METAMORPHOSIS OF VISION
Simplicity is not a goal in art, but simplicity is achieved involuntarily by entering into the true sense of things (Constantin Brancusi).
In a world that is rapidly transforming, the concept of metamorphosis represents an important issue in the idea of identity and the play of vision. In this latest series of works titled “Metamorphosis of Vision,” Kenneth Blom reflects on the concept of contemporary
identity and its relationship with the past, even if it is a recent past. He transforms this reflection into an abstract but not distorting mirror of society and, in particular, of certain types of structures that are part of our landscape but are often superficially registered by an inattentive eye.

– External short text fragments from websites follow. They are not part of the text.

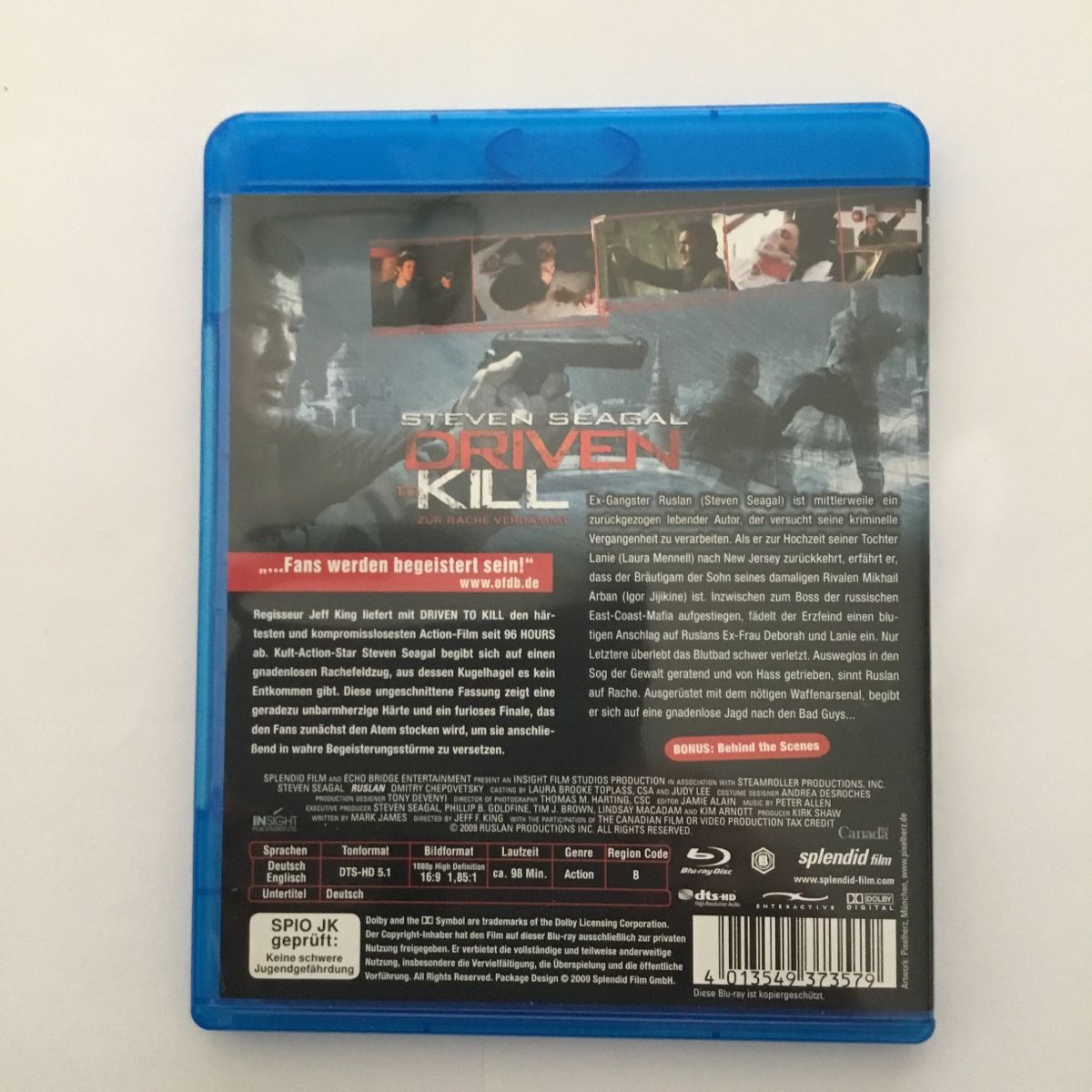 Tutti i DVDs: Driven To Kill Zur Rache Verdammt Blu Ray – Nuovo (secondo la descrizione) da Blauen venduto da berlingo65 1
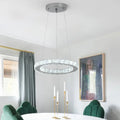 Modern gold ring crystal chandelier led pendant lighting living room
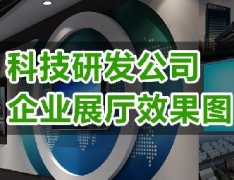 科技研发公司企业展厅效果图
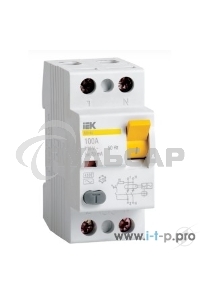 Выключатель дифференциального тока (УЗО) Iek MDV11-2-032-030 ВД1-63 2Р 32А 30мА тип А ИЭК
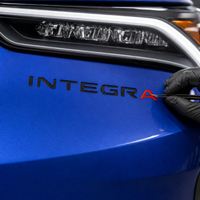 2023–2026 Acura Integra Front & Rear Bumper Vinyl Letter Inlays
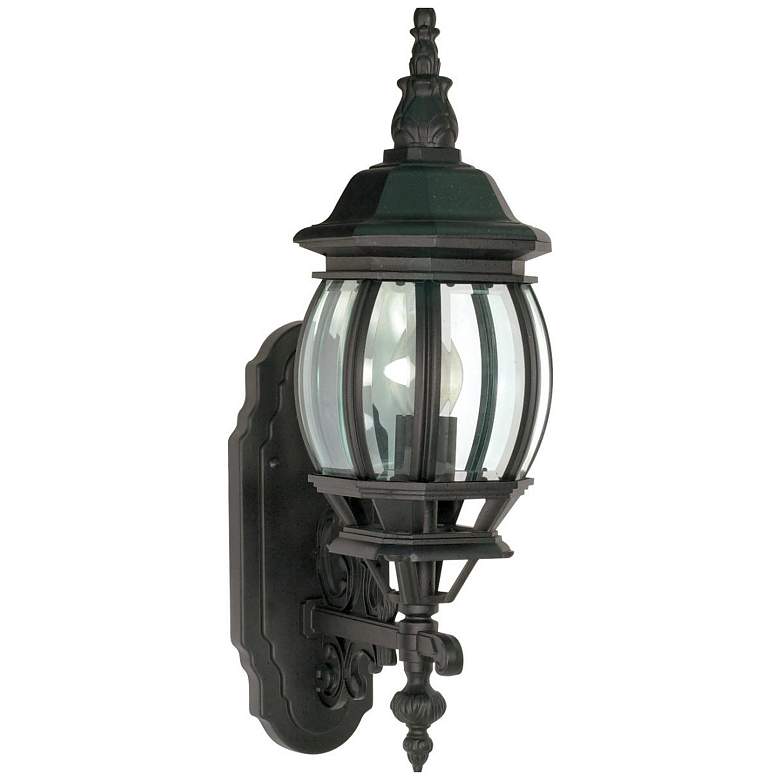 Image 1 Central Park 20 in. Wall Lantern - Textured Black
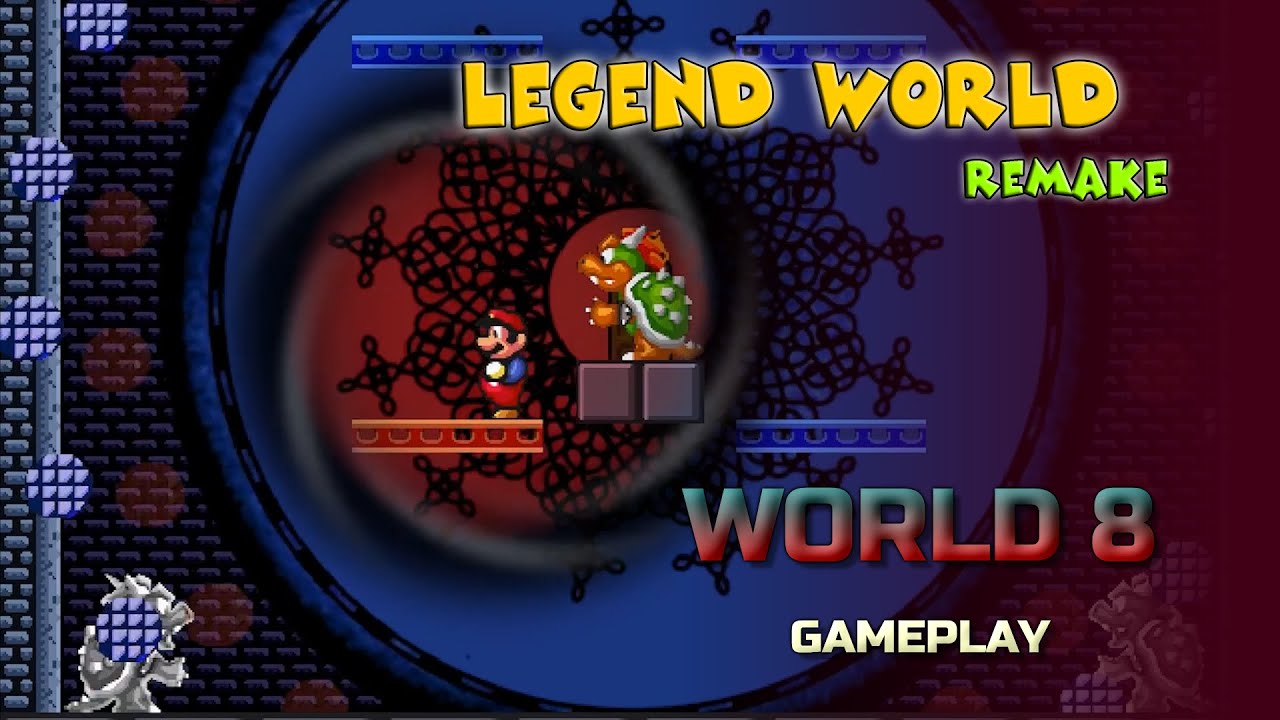 Mario Forever: Legend World Remake v2.0 - World 8 Gameplay (Finale)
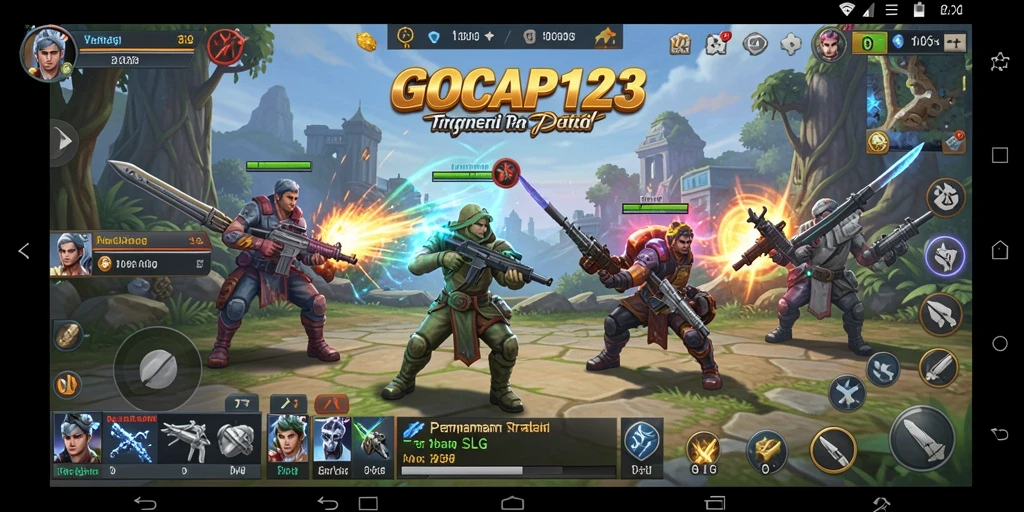 Tangkapan layar permainan GOCAP123 dengan aksi SLG yang mendebarkan.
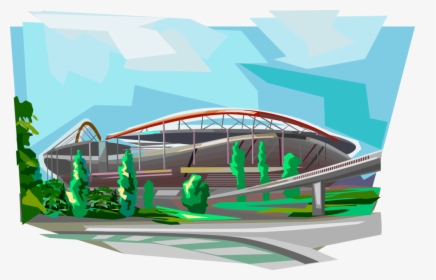 Vector Illustration Of Stadium Of Light Estádio Da - Estadio Da Luz Vetor, HD Png Download, Transparent PNG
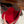 LE COEUR BAG 21 IN CLASSIC RED CALFSKIN WITH STUDDED HEART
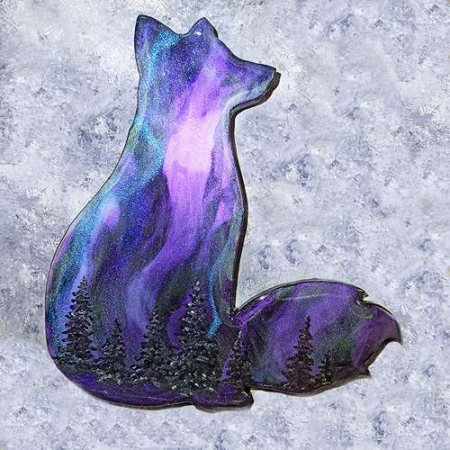 Northern Lights Art - Fuchs Lilly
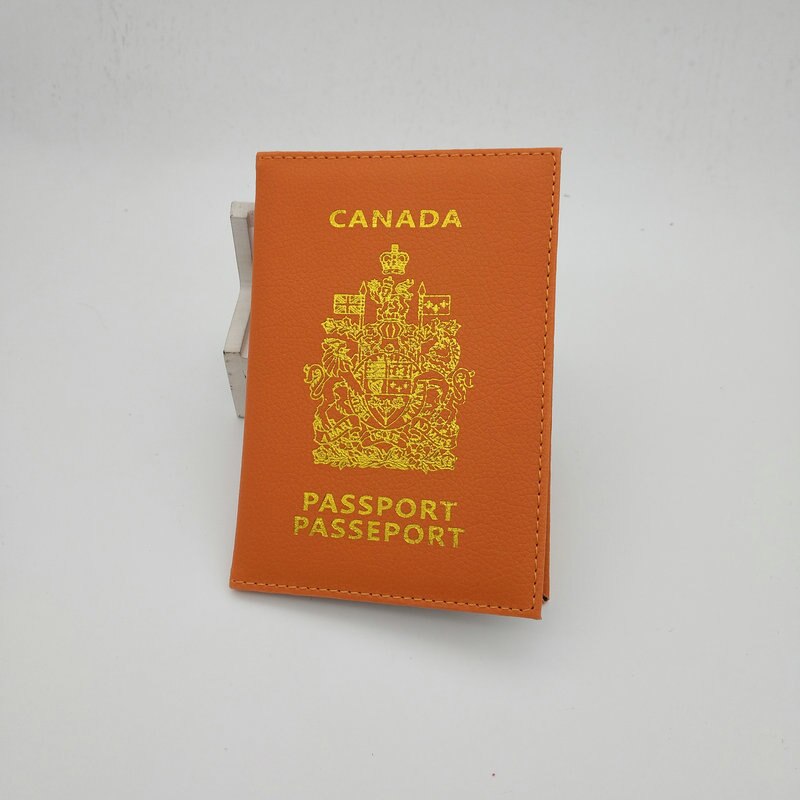 Canada Travel Passport Holder Bag Multifun Leather Canadian Passport Cover Case Wallet for Men Women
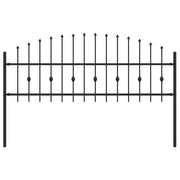 Recinzione da Giardino | Recinzione a punte Asten Nero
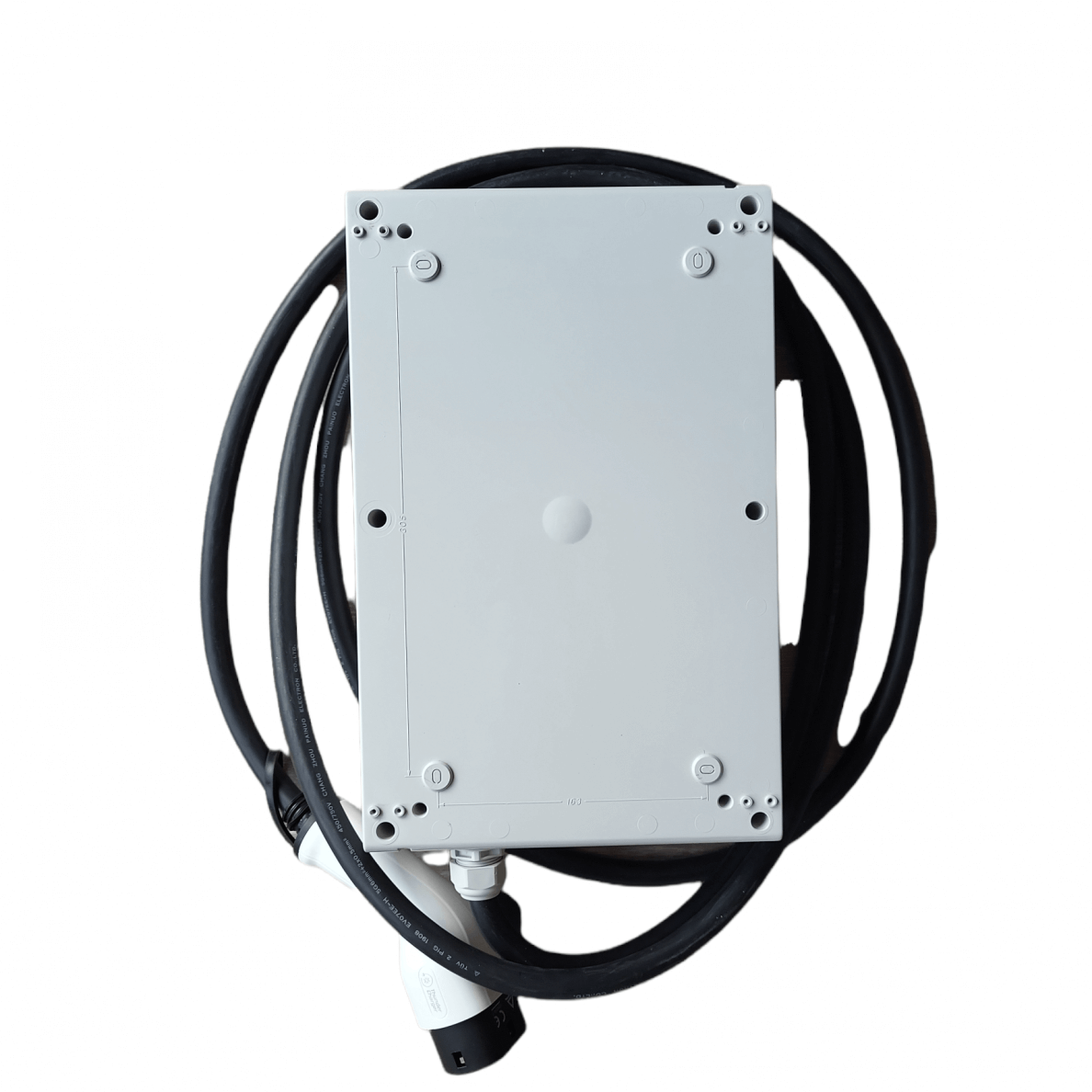 Charging station 3 Phase, 22 kW with Type 2 socket and separate Type 2 cable 5m long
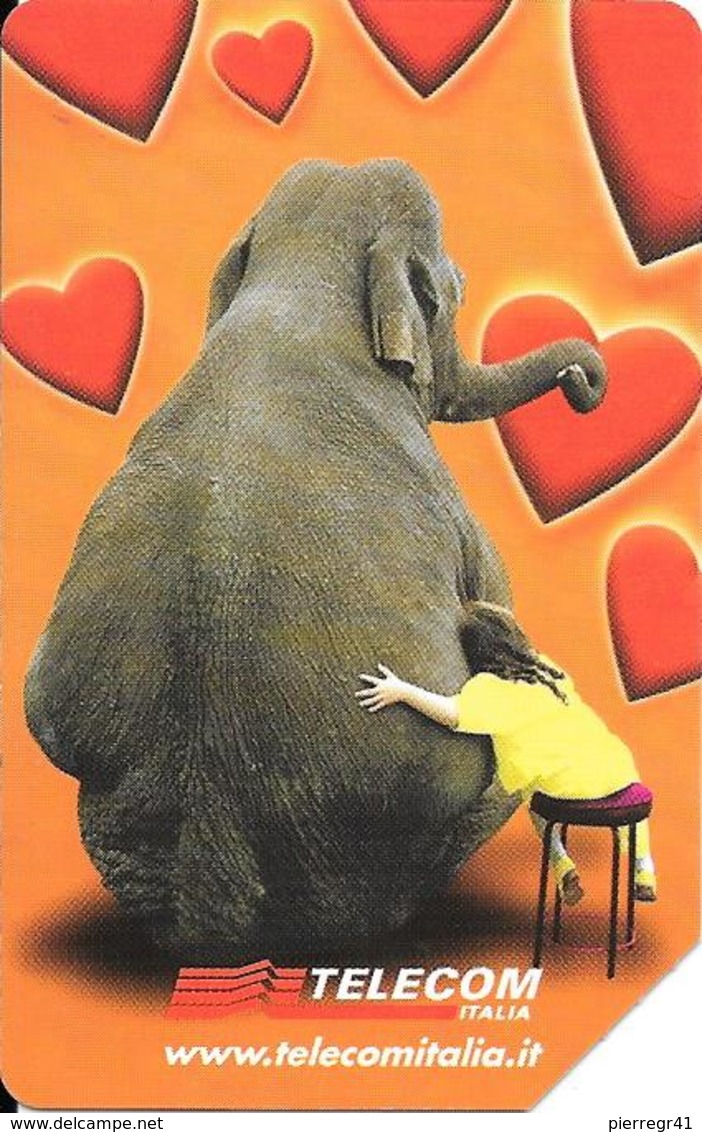 CARTE-ITALIE-MAGNETIQUE-2002-10000L-ST VALENTIN-ELEPHANT - TBE- - Publiques Ordinaires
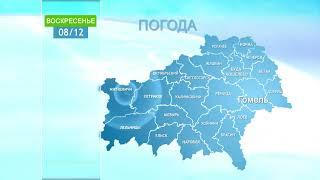 Погода в Гомеле и Гомельской области 8 декабря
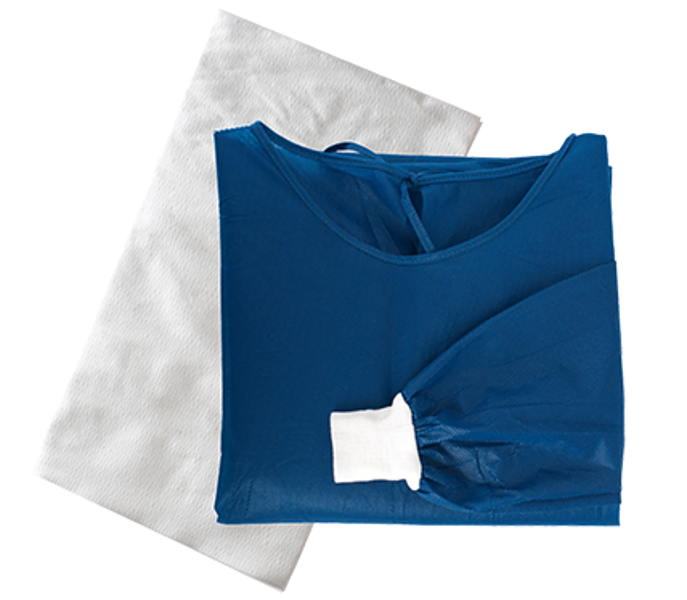 Minor Procedure Gown pack with MediClean Towel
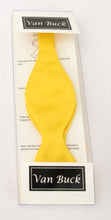 Sunflower Yellow Self-Tied Bow Tie by Van Buck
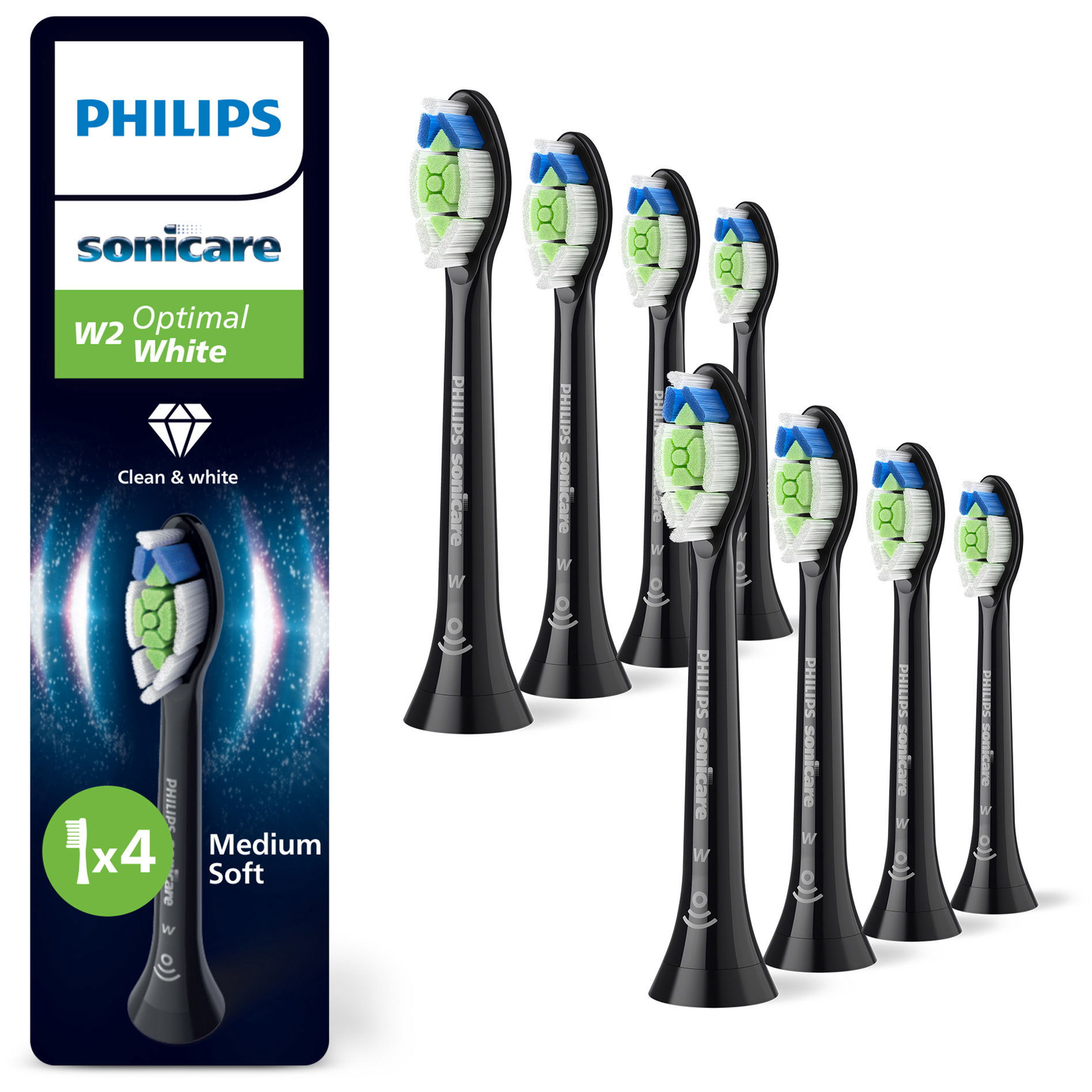 Philips Sonicare Optimal White HX6068/88, 8 db (HX6068/88)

The artist's aim is to find a common visual language that transcends geographical and cultural boundaries, enriching the dialogue between the past and the future of architecture. However, the inclusion of shadows or unidentified human figures confirms the artist's vision that, alongside architectural archetypes, there exists the presence of the Self—a sort of human archetype representing a universal model of behavior, thought, and feeling that resides in the collective unconscious, a mental structure shared by all humanity.
These archetypes embody the fundamental experiences of life and the narrative structures that span cultures, eras, and contexts. Structures that aspired to be but are not. Structures that aimed to contain but whose contents remain uncertain. In short, a world made up of an overwhelming and/or evanescent physical presence, which the artifice of painting transforms into a "metaphysical" image that transcends time—or rather, freezes it—where silence fills the entire auditory space.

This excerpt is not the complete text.